## [Material provided]
- - - -
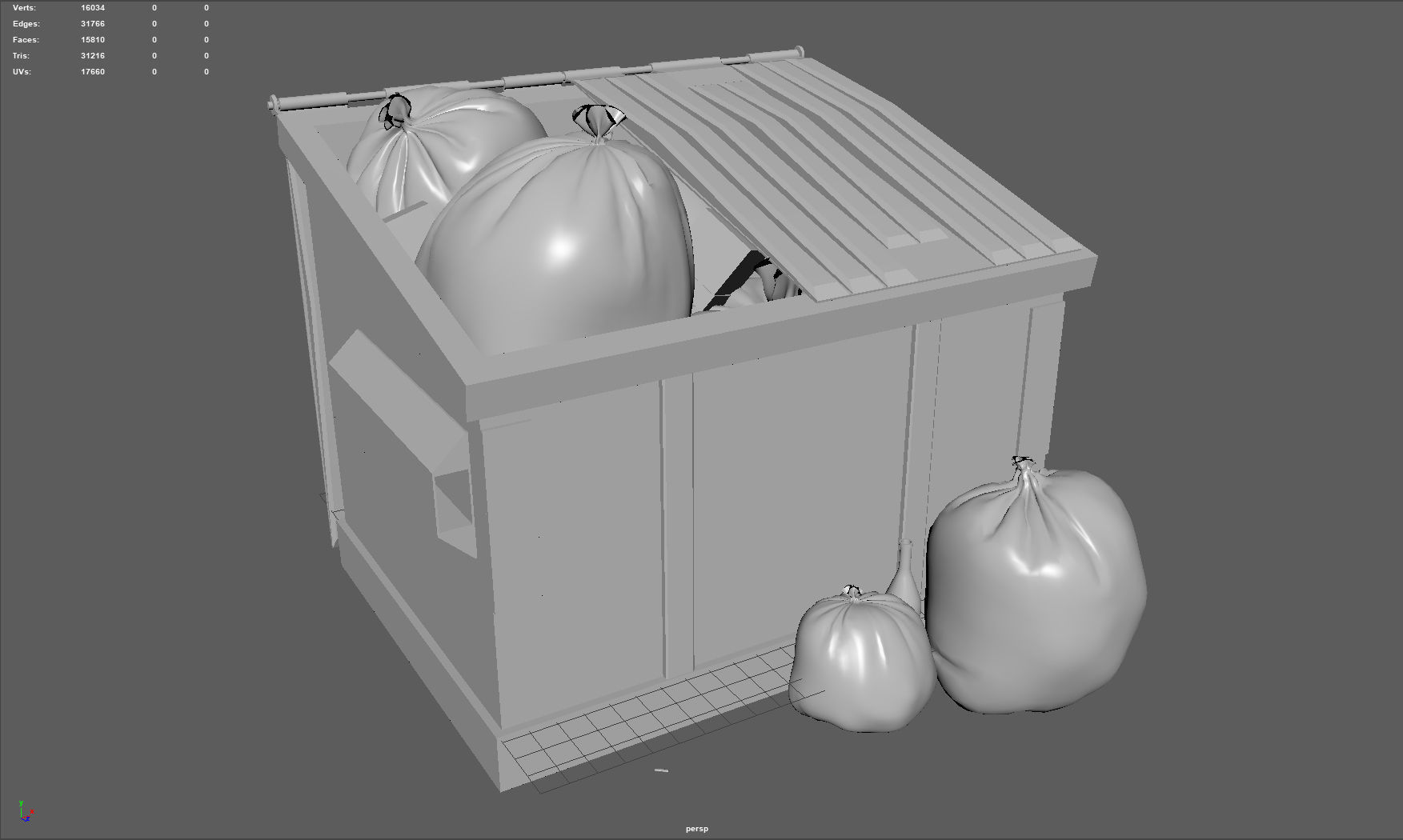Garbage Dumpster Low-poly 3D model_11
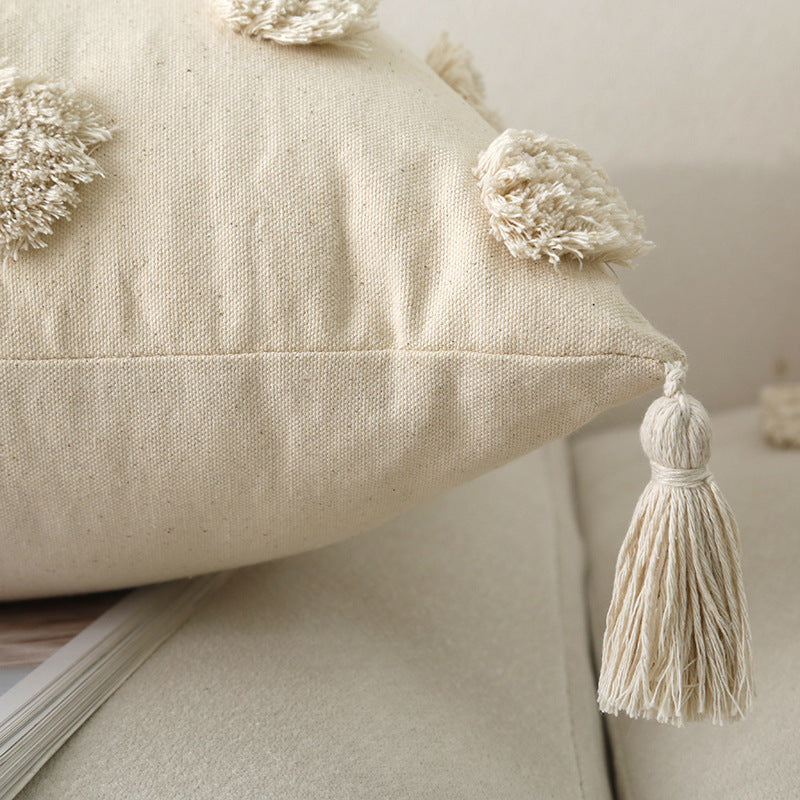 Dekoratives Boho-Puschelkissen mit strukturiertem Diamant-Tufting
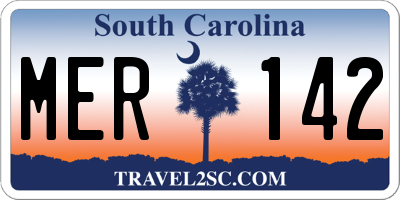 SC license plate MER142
- - - -
## [What you need to do]
Begin with the line that contains "Dekoratives Boho-Puschelkissen mit" and repeat every line through the end of the data, exactly and only those lines, leaving out the pictures.

## [Output]
 Dekoratives Boho-Puschelkissen mit strukturiertem Diamant-Tufting
 SC license plate MER142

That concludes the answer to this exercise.